Your money will still be in reach.
Now, this could either be a good thing or a bad thing, however, for those who feel uneasy about not being able to actually “pull out” their money from the market should not worry. Since stocks are considered to be liquid assets, you can convert it into cash relatively quickly when you need it, and in just a few clicks.
You will diversify how you earn money.
Say you had a couple of sources of income from having a full-time job and owning a home-grown business. If both of these were to suddenly go the opposite way and you lose your job as well as your home-grown business, what’s your contingency plan?
Investing in stocks is a way to diversify, meaning you have different ways of earning money.
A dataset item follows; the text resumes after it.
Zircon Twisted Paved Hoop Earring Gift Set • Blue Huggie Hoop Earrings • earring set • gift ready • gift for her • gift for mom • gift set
This lessens the risk of financial trouble when unfortunate circumstances arise.
Investing in dividend stocks could also be another steady source of income.
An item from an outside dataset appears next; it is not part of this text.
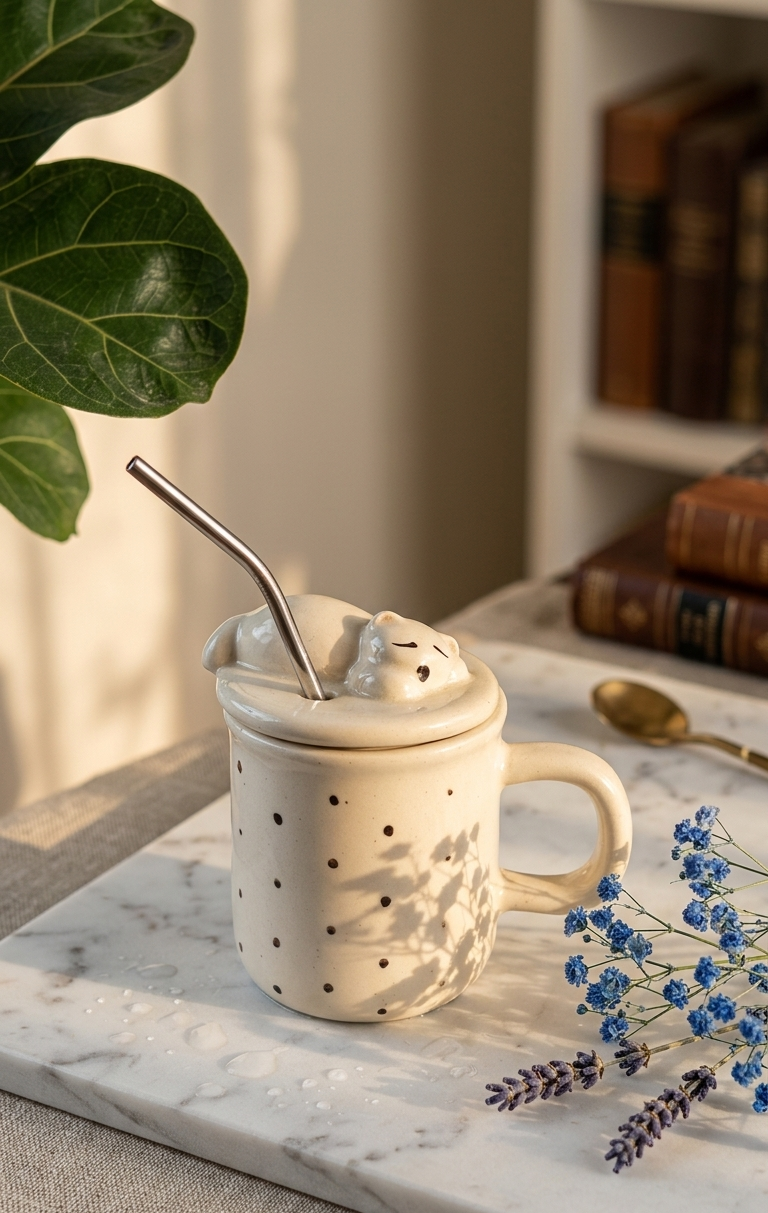 The Sleepy Bear Polka Dot Tumbler with Lid and Straw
A dividend is “a payment made by a corporation to its shareholders,” as defined in Dividend.com—kind of like a thank-you incentive for being an investor. Before buying a share of the company, they will let you know upfront how much the dividend rate is going to be when you are able to hold on to your stock for a long period of time, which is usually the case when investing in stocks. This is often given quarterly or four times a year, however, there are instances where a company pays the dividend every month.
Your money will lose its value.
When you’ve got cash just sitting in your wallet or at home, it very slowly loses its value due to the inevitable annual inflation rate that increases the prices of products and services over time. To put it simply, what could buy you a high-end laptop today could possibly only buy you a low-cost smartphone in 20-something years. This means you could have thousands of dollars in your pocket at this very moment, but it wouldn’t be worth the same years from now.
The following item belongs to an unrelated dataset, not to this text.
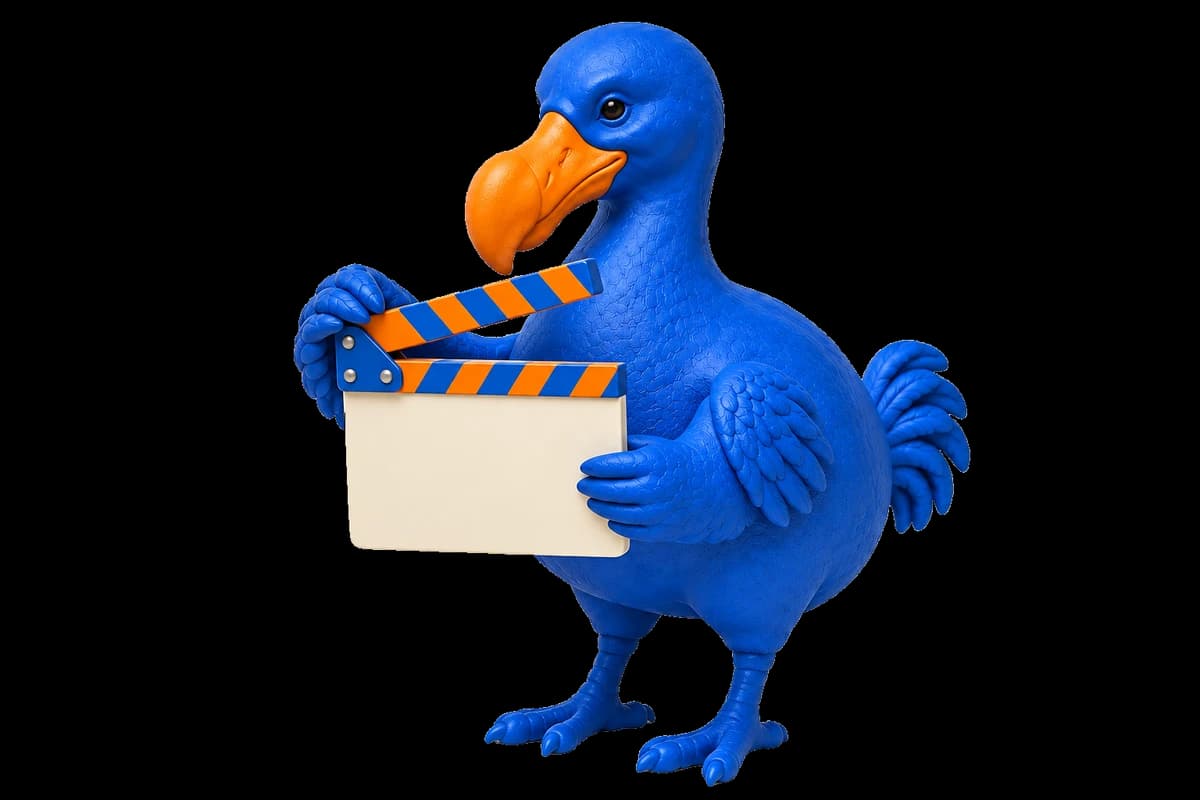 Le dodo bleu ouvre un clap de cinéma pour préparer une vidéo.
When you invest in stocks, not only are you saving your money from losing its value–you’re also growing it.
You will become a part of a company.
Once you buy stocks from a company, you are already considered as a part-owner. This is a great advantage for those who invest in a company they are passionate about since, as a shareholder, you legally have the right to take part in their decision-making processes. This means you can vote on decisions as big as who will be appointed as the next board member and more. Awesome, right?
You will continuously learn.
Apart from the ownership you automatically gain, immersing yourself in the stock market and investing in stocks open up many opportunities to learn. You will most likely receive annual reports that further provide information about the company and its state. Remember, you win some and you lose some depending on your timing, but it will all serve as a significant (and in some ways fun and thrilling) learning experience.
Investing in stocks is an emotional rollercoaster ride because you will get to observe how the market fluctuates over time. If you’re able to get through the highs and lows to stay long enough and increase your return, go for it. You are more than likely to become fortunate when you’re in it for the long-term.